6) What is your view on divestment strategies in general and fossil fuels in particular? 

These are the core questions facing socially conscious investors today, and it’s very complex with legitimate competing views so let me go into some detail. In terms of changing corporate behavior or affecting the price of a stock, there is no evidence that divestment affects either. Intuitively, it’s not likely to have much of an effect because selling out of a company’s stock simply means someone else is buying it. So you’d need a really broad consensus for divestment of that stock, which rarely occurs. Putting all that aside though, there are many companies that we won’t own purely for moral reasons, and we follow the USCCB guidelines as I mentioned. So we know for example that Catholics are in the minority in terms of our concerns relative to abortion, contraception, and embryonic stem cell research, and we also know others will buy shares of companies involved in these activities. And keep in mind that many of these companies, often in the pharmaceutical and health care industries, also do a lot of good in the world. But the theory is that if other investors agreed with us just hypothetically and no one bought these shares, then we could change behavior and effectively bring an end to these activities that we find inherently evil. Now relating that to fossil fuels, it’s more nuanced because everyone should be concerned about the environment, yet all of us are dependent on fossil fuels that still provide much of the world’s energy. Particularly for the poor in the developing world, power is integral to attaining a decent standard of living in terms of basic services like modern health care and sanitation that we take for granted every day, and the loss of power could devastate economies and livelihoods that already are meager by our standards. So until someone cracks the nut on making alternative energy affordable and viable on a large scale, and we are moving in that direction but it will take time, it’s hard to equate fossil fuels to an inherent evil like abortion that as Catholics we’d like to end. It’s important to note that the recent Papal Encyclical, Laudato Si, acknowledges this need for fossil fuels until viable alternatives are developed. In the meantime, the Pope has asked each of us to do what we can to secure a sustainable future, and as you know students and administration are taking that seriously at Notre Dame with many campus environmental initiatives. 

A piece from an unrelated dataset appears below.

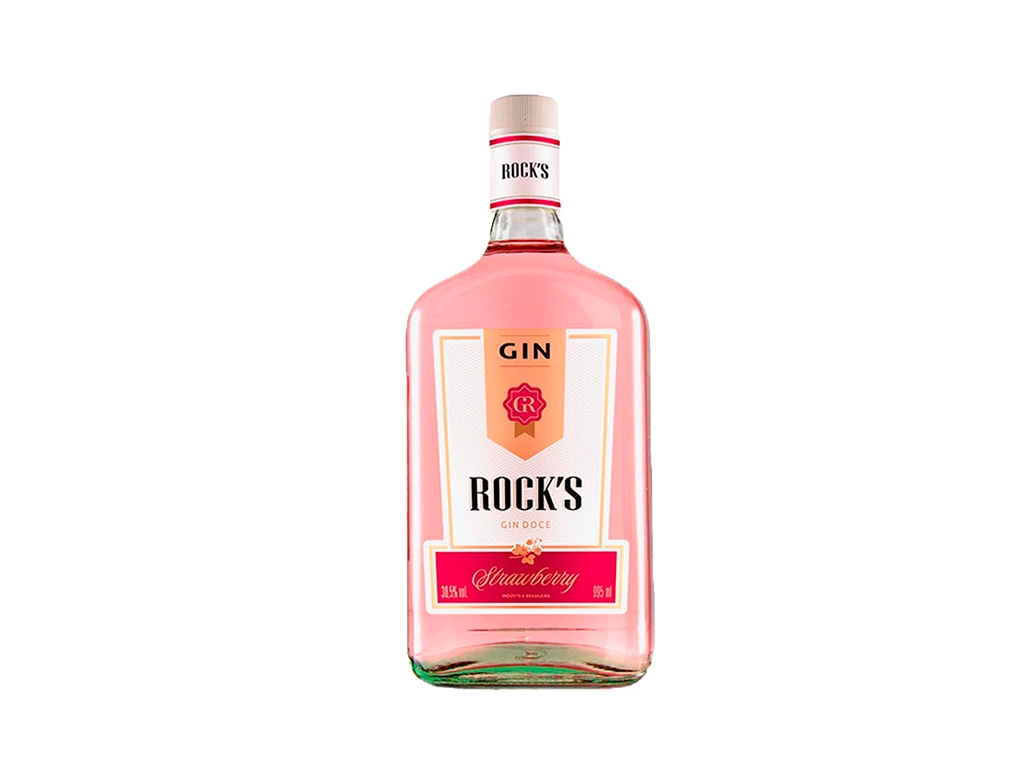 GIN ROCK´S STRAWBERRY 1 L BLACK FRIDAY PMG ATACADISTA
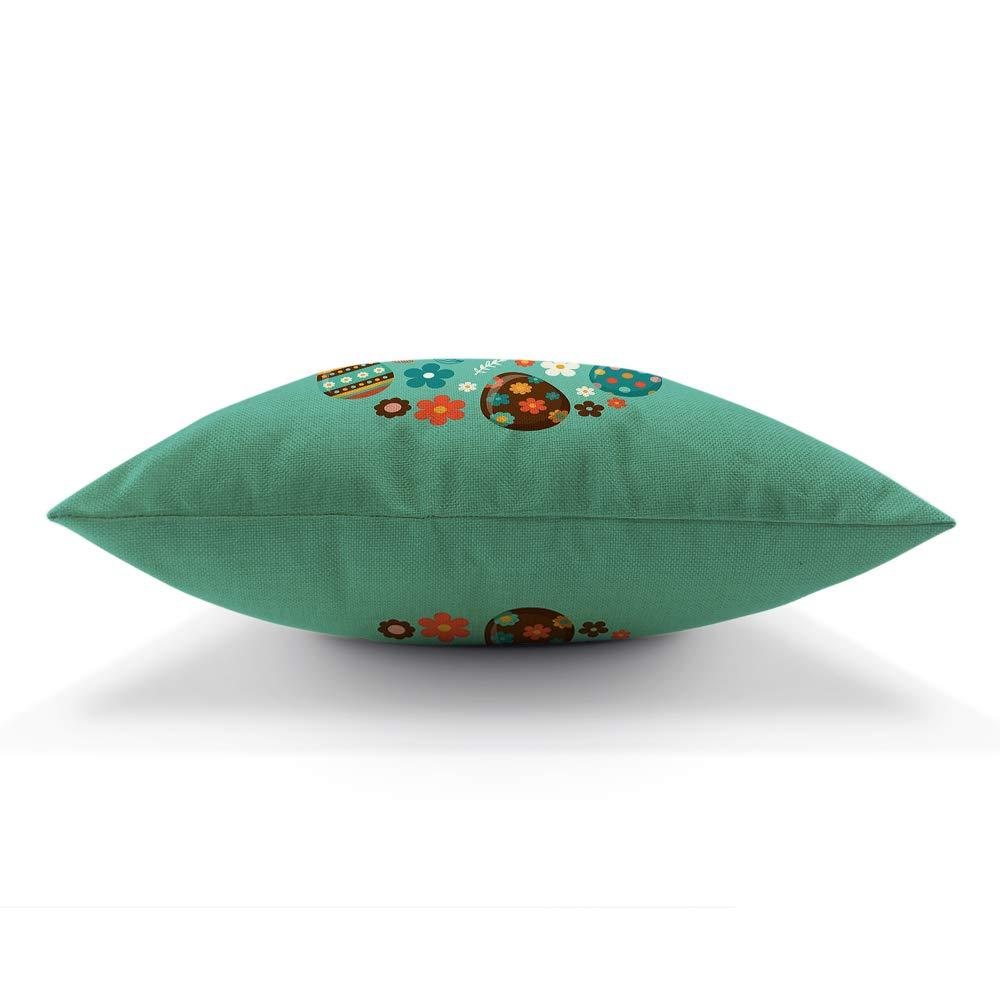 Patriotic Eagle and American Flag Cotton Linen Throw Pillow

7) How much of the endowment is invested in fossil fuels? 

The Endowment Fund has a relatively small weighting in fossil fuel investments, approximately 4% of the value of the pool. That includes both public securities and private equity investments in the sector. I should note that as part of our regular SRI policy implementation, we are restricting a number of coal companies already due to concerns over various corporate practices. We also do invest in new technologies in the clean energy space as part of our venture capital portfolio, which is one of the most extensive and successful venture portfolios in the nation.